■ DESCRIPTION OF THE TASK: Copy exactly, and only, the lines from the one with "Zdjęcie przedmiotu: A" to the end of the listing; omit pictures.
*** DATA SHOWN ***
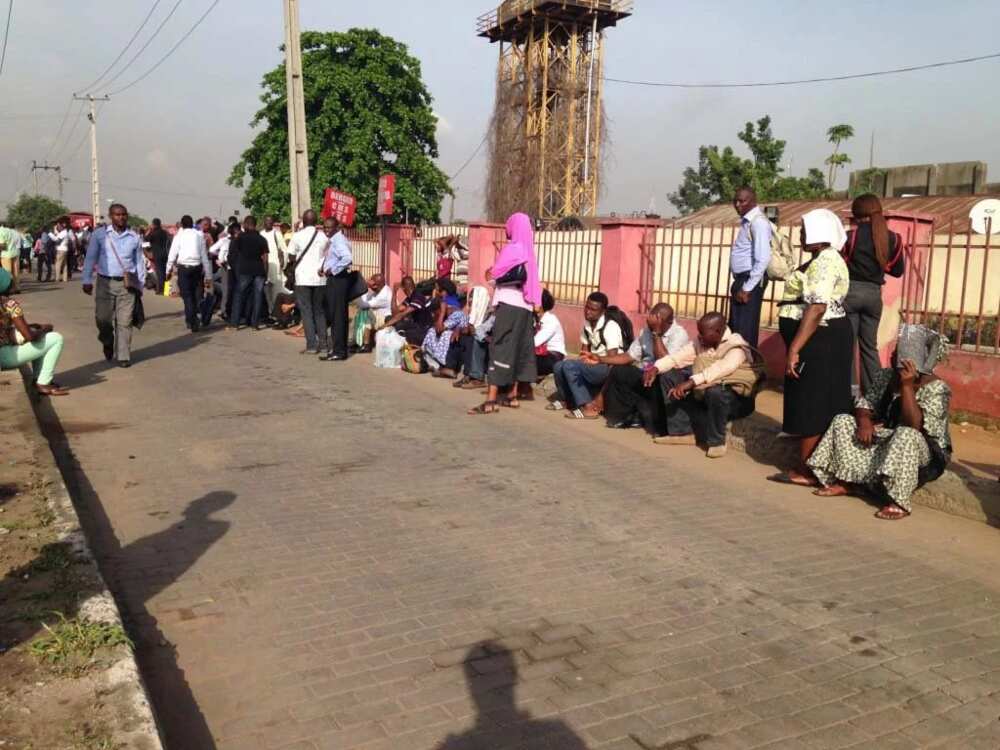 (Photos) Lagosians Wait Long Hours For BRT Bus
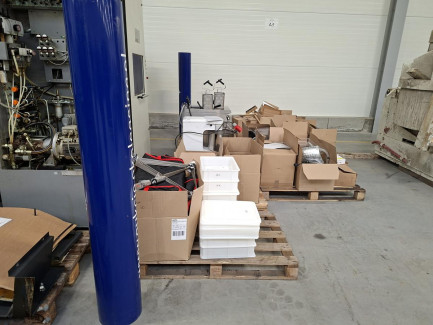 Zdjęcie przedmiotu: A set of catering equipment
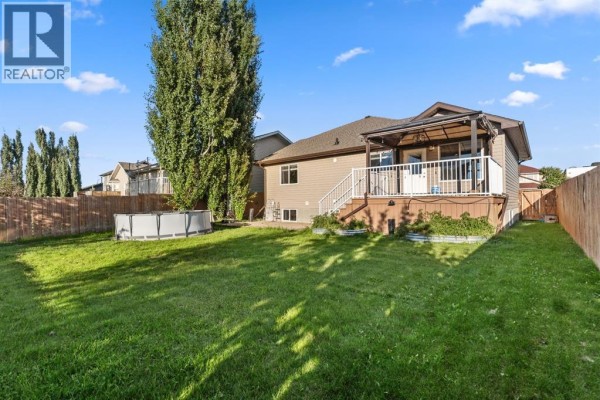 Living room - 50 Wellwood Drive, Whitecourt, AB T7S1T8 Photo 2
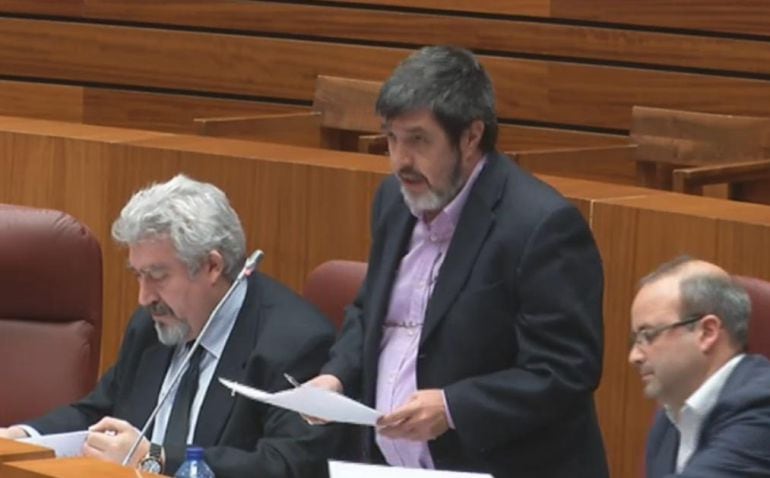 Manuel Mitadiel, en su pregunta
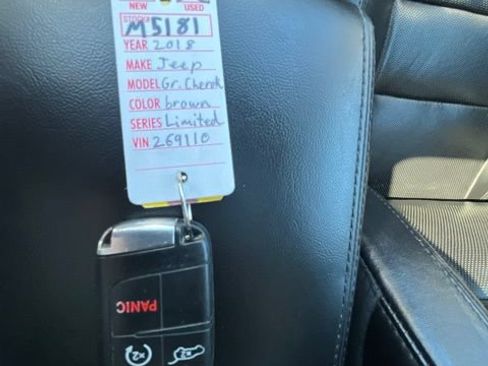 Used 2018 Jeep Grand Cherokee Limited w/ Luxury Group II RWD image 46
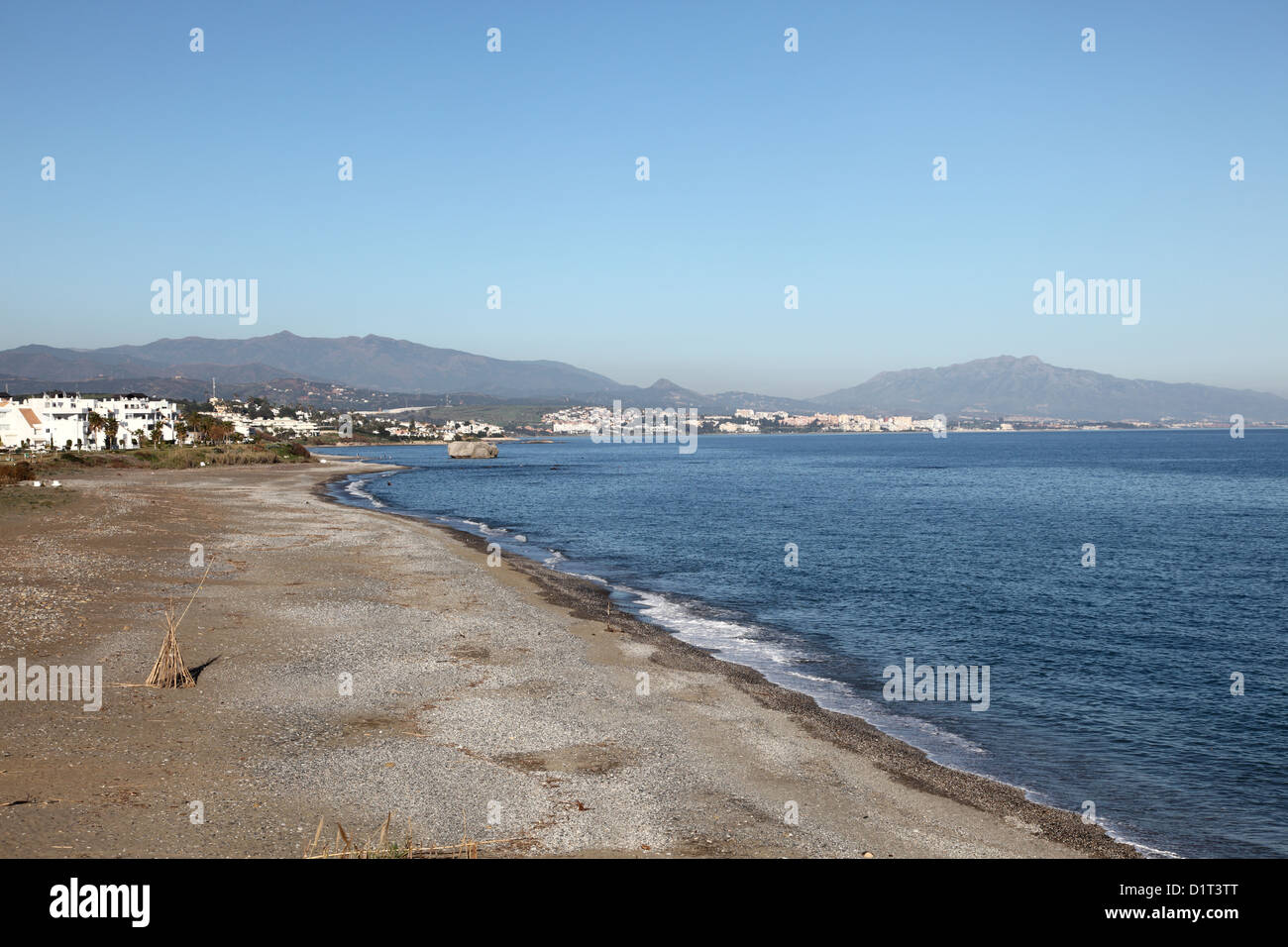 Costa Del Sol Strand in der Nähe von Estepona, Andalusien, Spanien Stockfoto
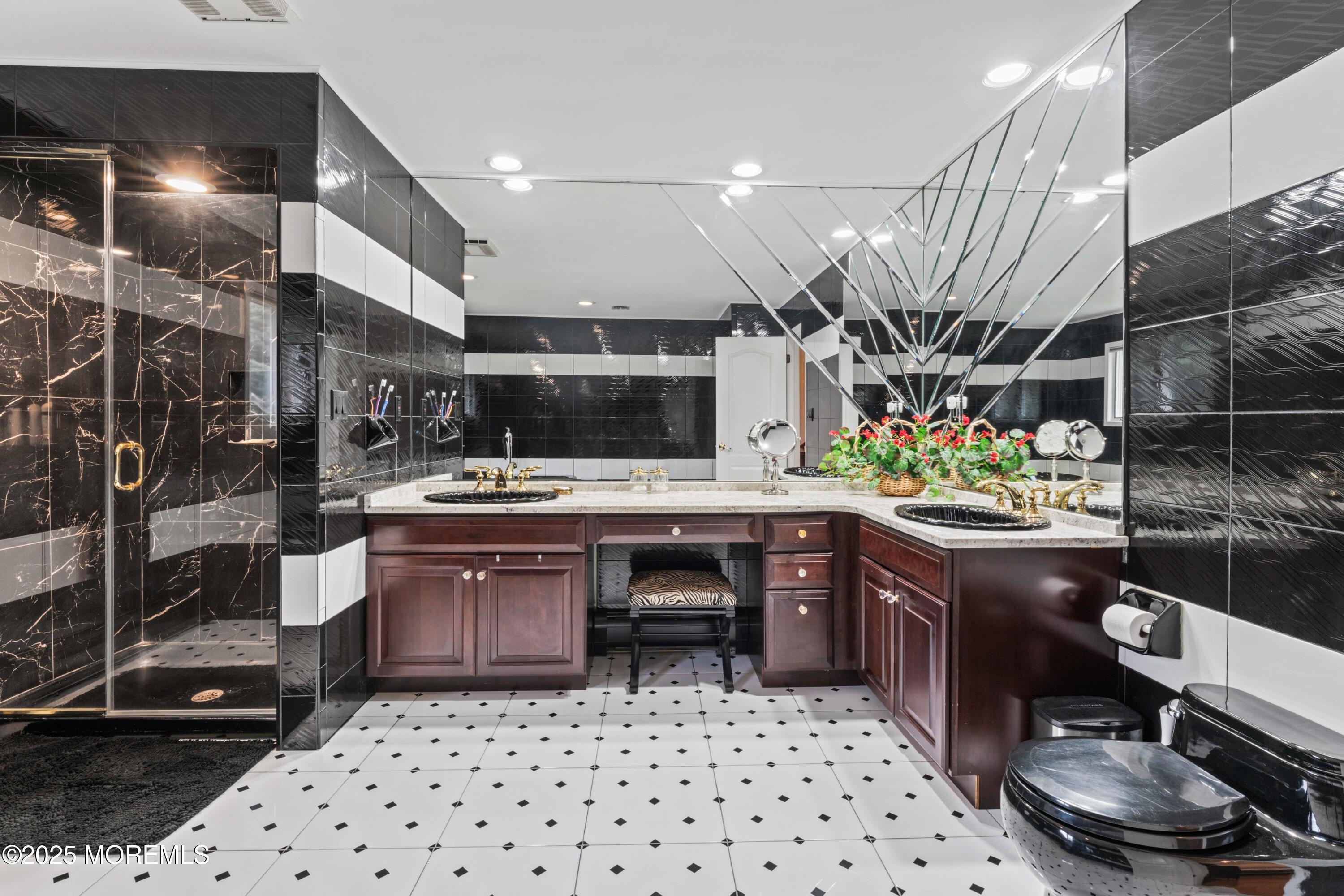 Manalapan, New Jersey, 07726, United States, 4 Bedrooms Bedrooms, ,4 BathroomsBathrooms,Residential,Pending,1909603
*** End of DATA SHOWN ***
■ PROBLEM SOLUTION:
 Zdjęcie przedmiotu: A set of catering equipment
 Living room - 50 Wellwood Drive, Whitecourt, AB T7S1T8 Photo 2
 Manuel Mitadiel, en su pregunta
 Used 2018 Jeep Grand Cherokee Limited w/ Luxury Group II RWD image 46
 Costa Del Sol Strand in der Nähe von Estepona, Andalusien, Spanien Stockfoto
 Manalapan, New Jersey, 07726, United States, 4 Bedrooms Bedrooms, ,4 BathroomsBathrooms,Residential,Pending,1909603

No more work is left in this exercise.